Economic Benefits of Marijuana Legalization in California

    • According to California NORML (whose mission is to move public opinion sufficiently to legalize the responsible use of marijuana by adults):

California NORML Report

    by Dale Gieringer, Ph.D. – Updated October 2009

Marijuana Legalization Could Yield California Taxpayers Over $1.2 Billion Per Year

    Additional Spinoff Benefits Up To $12 -$18 Billion
    While California struggles to address the state’s swelling budget deficit, the legalization of marijuana looms as an attractive way of raising revenue for the state.
    California NORML estimates that a legally regulated market for marijuana could yield the state at least $1.2 billion in tax revenues and reduced enforcement costs. A basic $50/ounce excise tax (roughly $1/joint) would yield about $770 – 900 million per year plus another $240-360 million in sales taxes. In addition, the state would save over $200 million in enforcement costs for arrests, prosecutions and prison. Additional benefits would accrue from increased employment and spinoff industries.
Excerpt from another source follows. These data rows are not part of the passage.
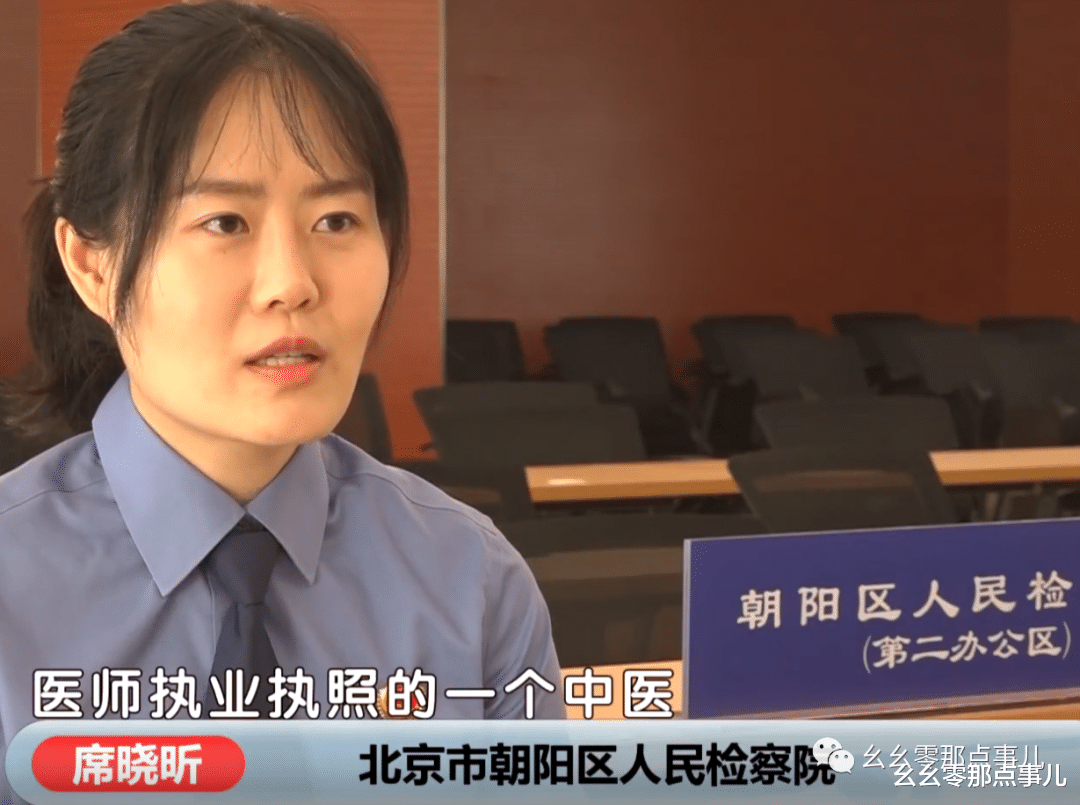 中医带队“神医”,雇佣医托骗北京老人!9人被抓主犯获刑5年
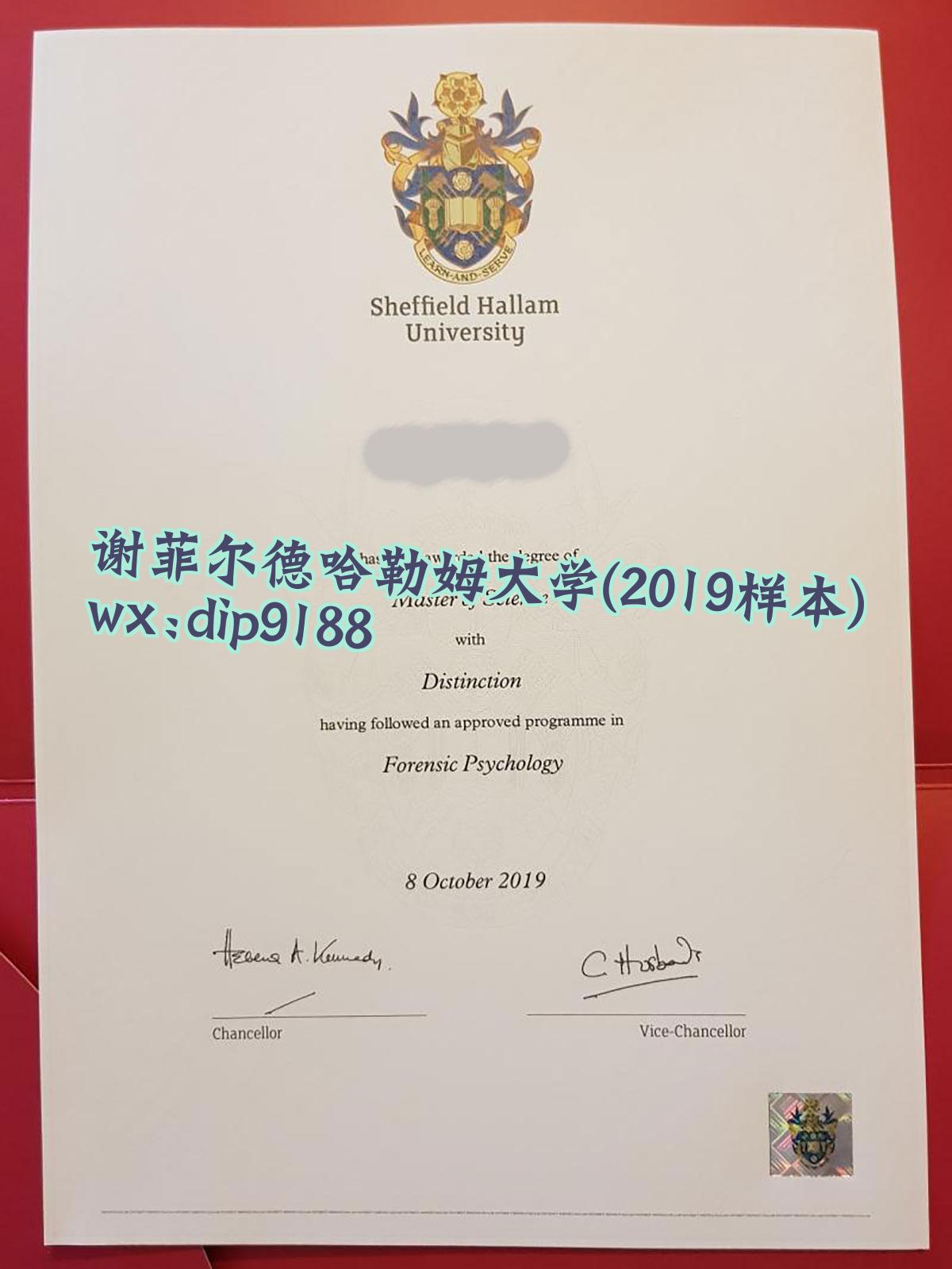 谢菲尔德哈勒姆大学学历2019毕业证样本图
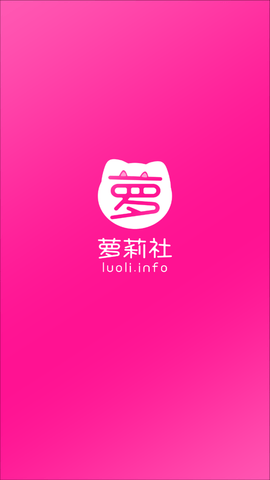 萝莉社交友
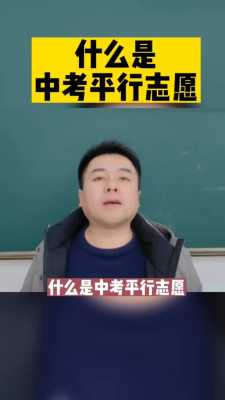 填志愿成功是什么意思（填志愿意味着什么）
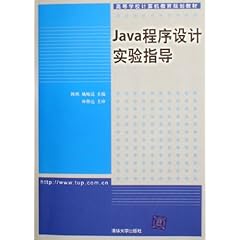 人工智能实验完整指南：从原理到实践的操作步骤与详细教程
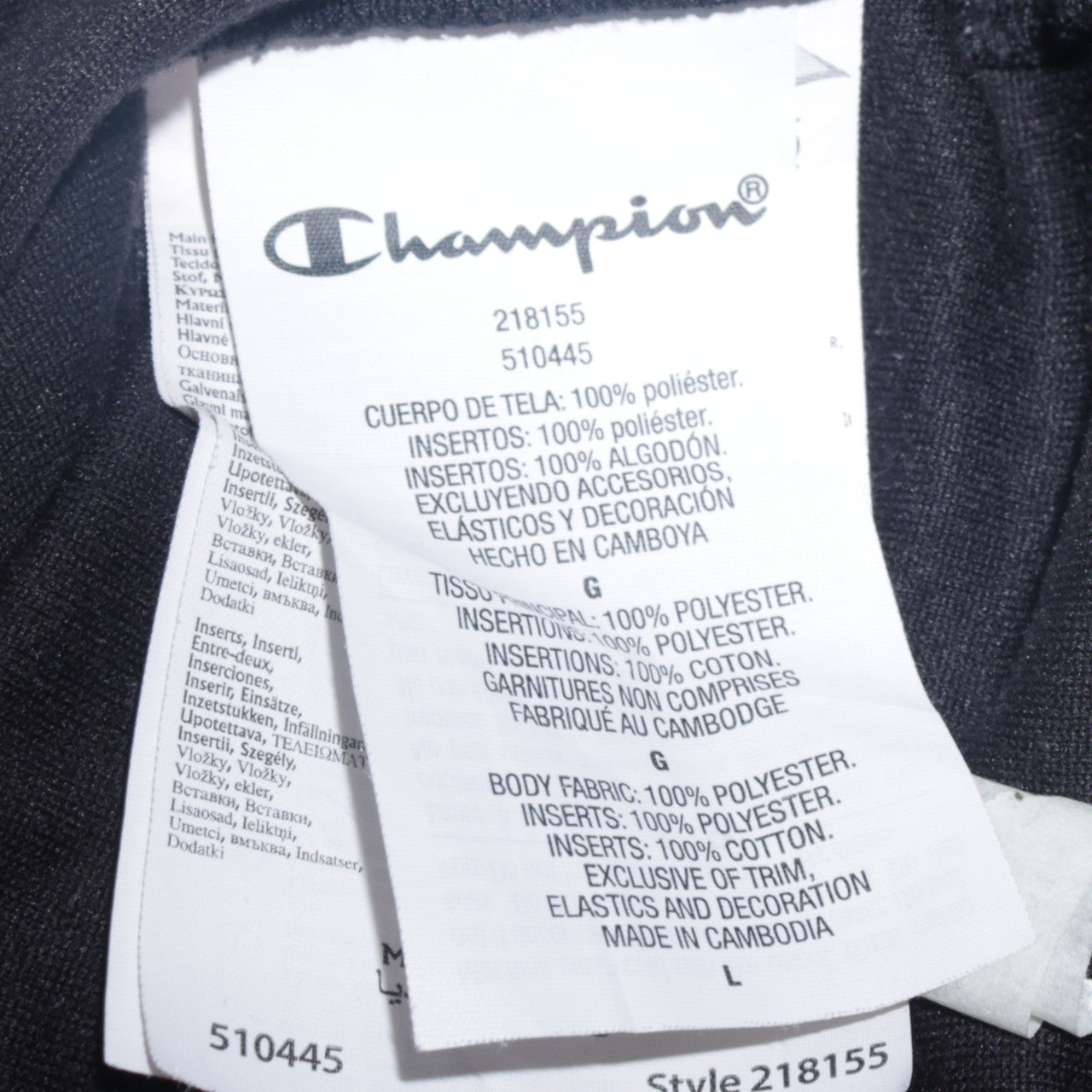 Additional view of Champion Men’s Black Yellow 1/2 Zip Sweatshirt Fleece L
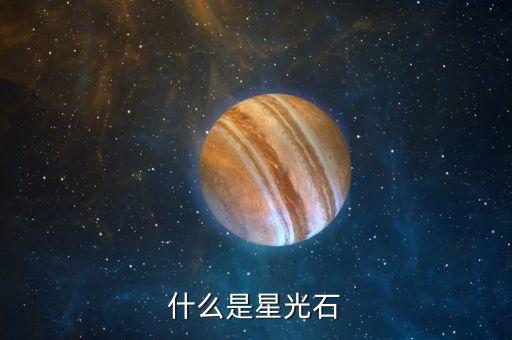 什么是寶光石，什么是星光石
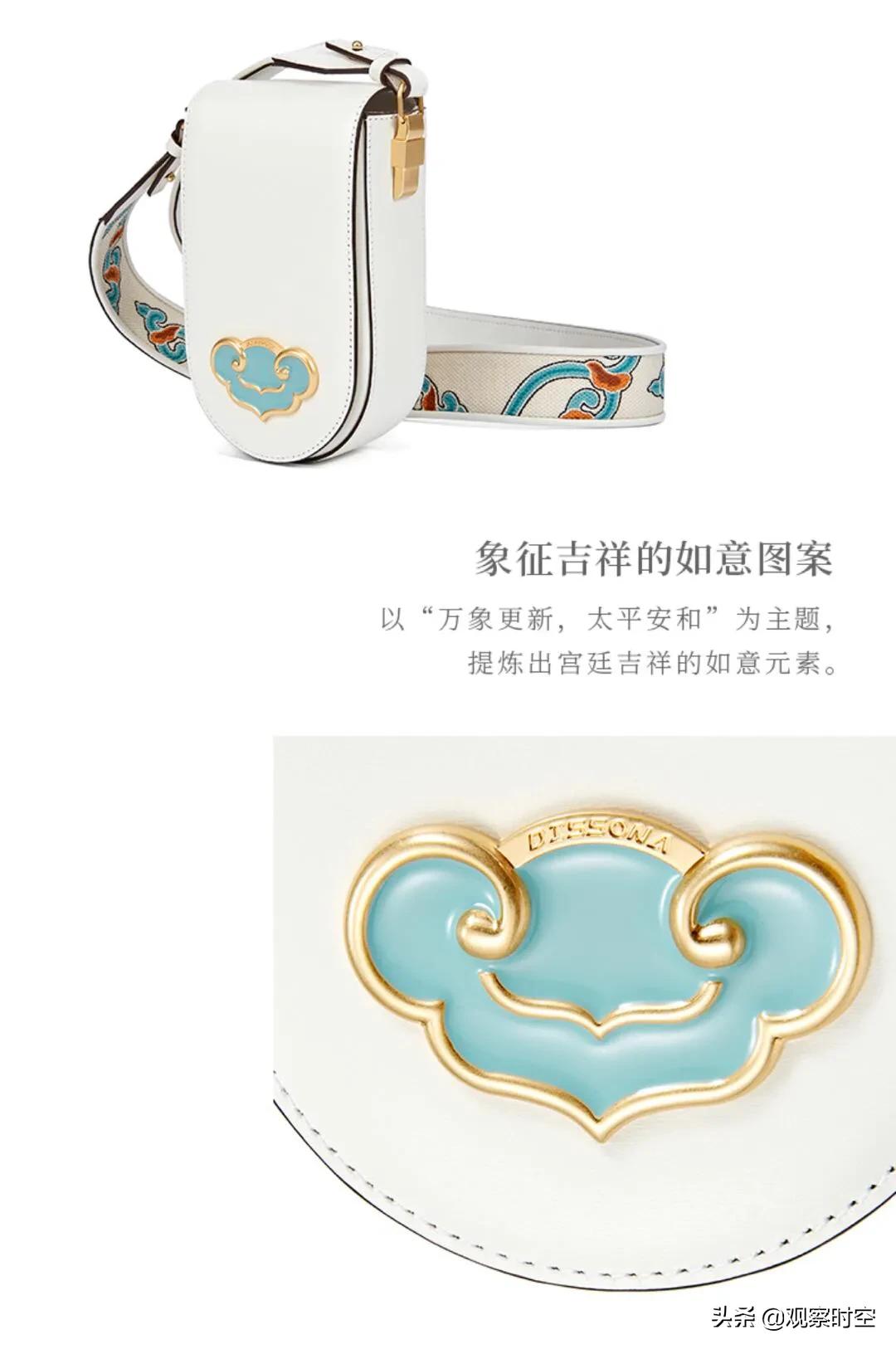 尽享中国设计美学好物京东美好生活季国货件件想让你剁手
Total retail sales of marijuana could be on the order of $3-$5 billion, with total economic impact of $12-$18 billion including spinoff industries such as coffeehouses, tourism, plus industrial hemp.
    California NORML’s analysis of the benefits of marijuana legalization are as follows:
  • An excise tax of $50 per ounce of marijuana would raise about $770 – 900 million per year.
  • Retail sales on the legal market would range from $3 – $4.5 billion, generating another $240 – 360 million in sales taxes.
  • Legalization would save over $200 million in law enforcement costs for arrest, prosecution, trial and imprisonment of marijuana offenders. Need for CAMP helicopter surveillance would also be eliminated.
  • Based on experience with the cigarette tax, total revenues of $1.5 – $2.5 billion might ultiimately be realized.
  • Based on experience with the wine industry, the total economic activity generated by legal marijuana could be nearly four times as great as retail sales, around $12 – $18 billion. Amsterdam-style coffeehouses would generate jobs and tourism. If the marijuana industry were just one-third the size of the wine industry, it would generate 50,000 jobs and $1.4 billion in wages, along with additional income and business tax revenues for the state.
  • Industrial hemp could also become a major business, comparable to the $3.4 billion cotton industry in California.